A positively charged particle of specific charge $\left(\frac{q}{m}\right)$ is projected from the origin of coordinate with initial velocity $(u\hat{i}-v\hat{j})$. Uniform electric and magnetic fields exist in the region along the $+y-$direction, of magnitude $E$ and $B$. The particle will definitely return to the origin once if

• A. $\frac{uB}{\pi E}$ is an integer
• B. $\frac{vB}{\pi E}$ is an integer
• C. $\frac{(u^2+v^2{)}^{1/2}B}{\pi E}$ is an integer
• D. $\frac{vB}{2\pi E}$ is an integer

Answer 1

The correct option is B $\frac{vB}{\pi E}$ is an integer

Given:
$\overrightarrow{E}=E\hat{j};\overrightarrow{B}=B\hat{j}$

So, the force due to $\overrightarrow{E}\&\overrightarrow{B}$ on the charge $+q$ is given by,

$\overrightarrow{F_e}=qE\hat{j}$

$\overrightarrow{F_m}=q\left[\right(u\hat{i}-v\hat{j})\times B\hat{j}]=quB\hat{k}$

Now, the acceleration of the charge is given by,

$a_y=\frac{qE}{m}\hat{j};a_z=\frac{quB}{m}\hat{k}$

Assuming particle will return to origin in time $t$.

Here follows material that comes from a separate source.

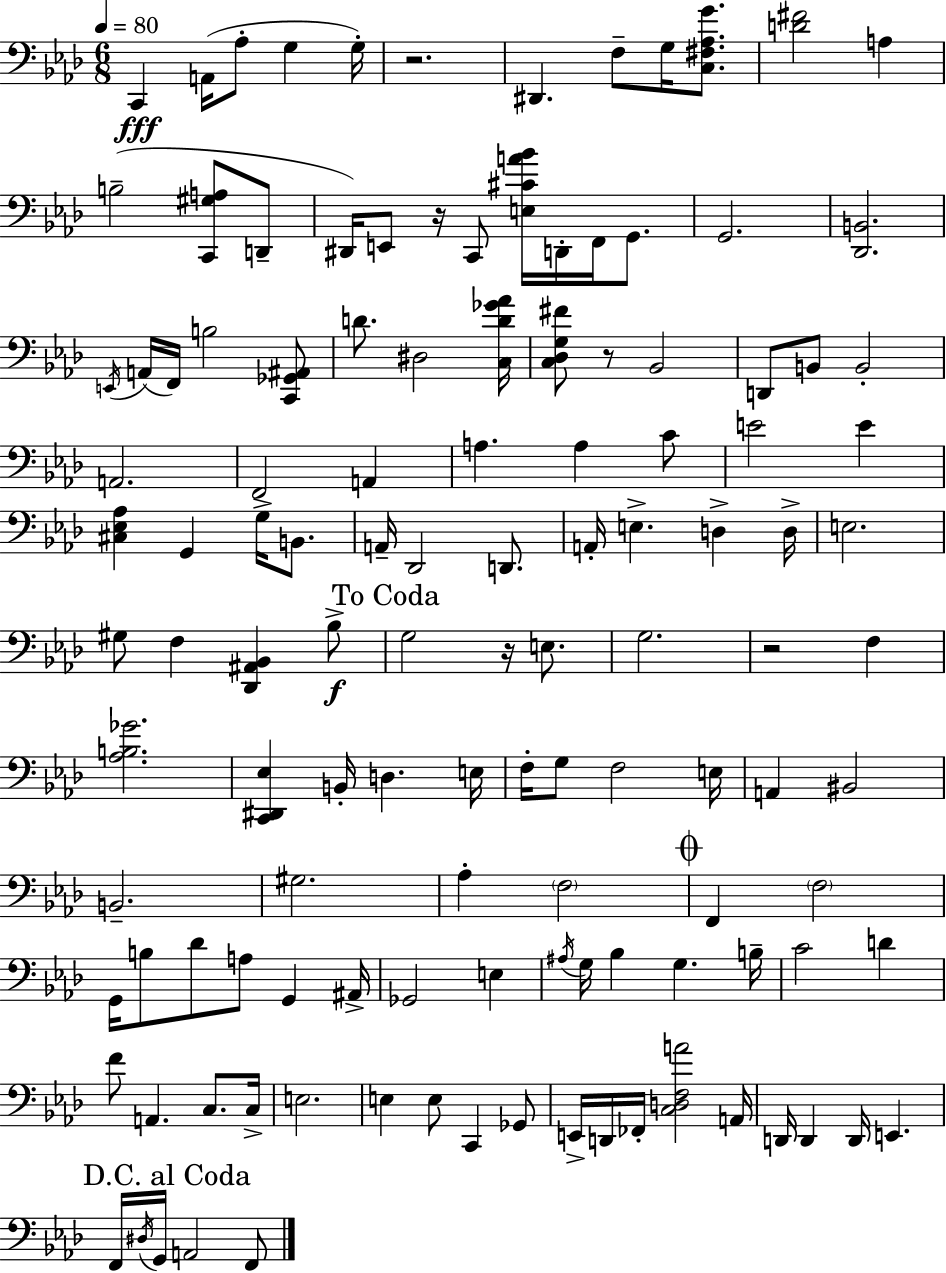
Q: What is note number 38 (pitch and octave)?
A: G3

Now applying the equation of motion in $y-$ direction for time $t$

$y=u_{y}t+\frac{1}{2}{a}_y{t}^2$

$\Rightarrow 0=-vt+\frac{1}{2}\left(\frac{qE}{m}\right)t^2$

$\therefore t=\frac{2vm}{qE}$ is the time taken by the particle to come to origin due to electric field.

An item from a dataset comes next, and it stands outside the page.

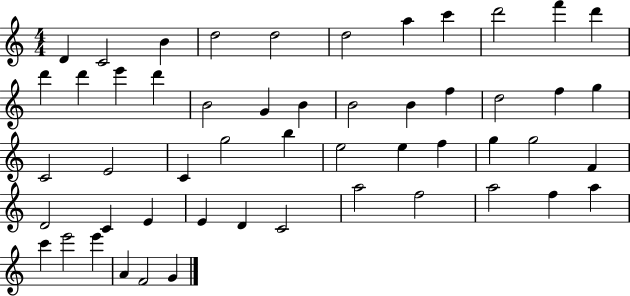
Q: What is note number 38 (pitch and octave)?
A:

Now due to magnitude field it will move in circular path, time period of its circular motion is given by

$T=\frac{2\pi m}{qB}$

If the particle completes $N$ number of turns in time of return, then

$N\times \frac{2\pi m}{qB}=\frac{2vm}{Eq}$

$\therefore N=\frac{vB}{\pi E}$

So, here the above value must be an integer so that it complete integral number of rounds.

Hence, option $\left(b\right)$ is the correct answer.